Rishi Sunak (Credit: Getty images)

After spending most of his conference refusing to say much at all, Rishi Sunak used his speech to make three big policy announcements as he seeks to pitch himself as the change candidate. The first was HS2, with Sunak confirming that the government will axe the planned Manchester leg. Sunak said he would spend the £36 billion saved to fund other rail, road and bus projects across the country – so all areas either receive as much in funding as they would have done or more.

When announcing this, the Prime Minister mentioned the West Midlands mayor Andy Street several times, saying that he looked forward to working with Street on other infrastructure projects. Given Street has made his displeasure well known on the issue and even suggested he could quit, this seemed as much a plea to Street not to resign in protest.

The phased ban on smoking is the most divisive policy within the Tory party

The next announcement was on smoking – with Sunak confirming that he plans to bring in a phased ban on smoking, in the style of the New Zealand ban. It would come in as a policy in which 14-year-olds would be prevented from ever buying cigarettes (legally). It means a teen who is 15 years old at the time of the policy being enacted would be allowed to buy cigarettes for the rest of their life but their younger 14-year-old classmate would never be. There will be a free vote on the legislation in parliament. There will also be a consultation on vaping and, in Sunak’s words, how to stop it becoming an ‘endemic’ problem for youngsters.

This is the most divisive policy within the Tory party. It has already been criticised by the Institute for Economic Affairs as ‘hideously illiberal’. Polling suggests it is popular with the general public. It means Sunak’s policy pivot is more complicated than a rightward pivot – some of this will be the hardest to swallow for his own party. Meanwhile, Labour MPs are likely to support it, meaning Sunak should have the votes regardless.

The final big shift is on education. Sunak plans to scrap A-levels in favour of a UK version of an international baccalaureate – titled the ‘advanced British standard’. This would mean that students don’t have to specialise so early. However, this policy will take time to implement and require consultation with the sector so it will really only come into effect should Sunak win the next election.
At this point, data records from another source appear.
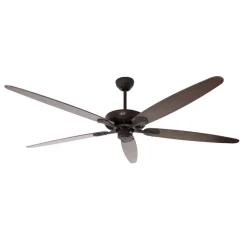 Rustige plafondventilator Classic Royal 180 BA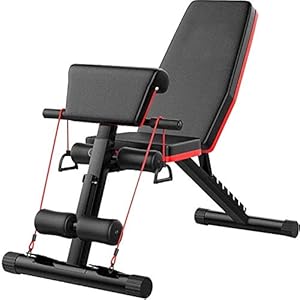 Weight Benches Priest Stool Bench Sit Roman Chair with Dumbbells Fitness Stool Sit Up Bench for Whole Body Training Indoor Home Gym Fitness Equipment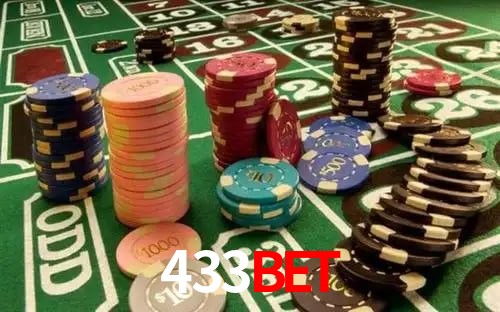 Apostas com odds competitivas na 433bet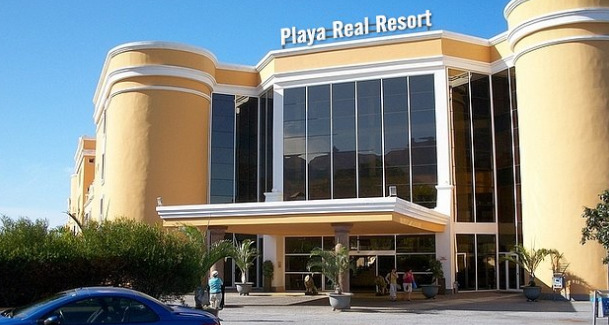 Playa Real Resort Адехе Екстер'єр фото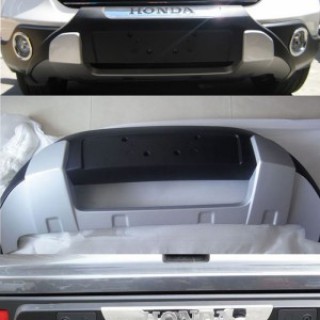 Cản trang trí trước sau cho Honda CR-V 2010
So, on that point, have the chances of Sunak turning around his party’s fortunes risen on the back of that speech? Sunak chose to announce all three together – despite it meaning HS2 speculation dominated the entire conference – in a bid to make a bang that means voters notice and look at him differently.

In the coming hours, he’ll discover whether he has struck a balance that means he will keep his West Midlands mayor and whether the Libertarian wing of the party will go along with the smoking ban. As for voters, the risk is that on HS2 it looks like more Tory U-turns as opposed to his new pitch. No. 10 hope that Starmer will look cautious by comparison when he stands up to speak next Tuesday at Labour’s conference in Liverpool.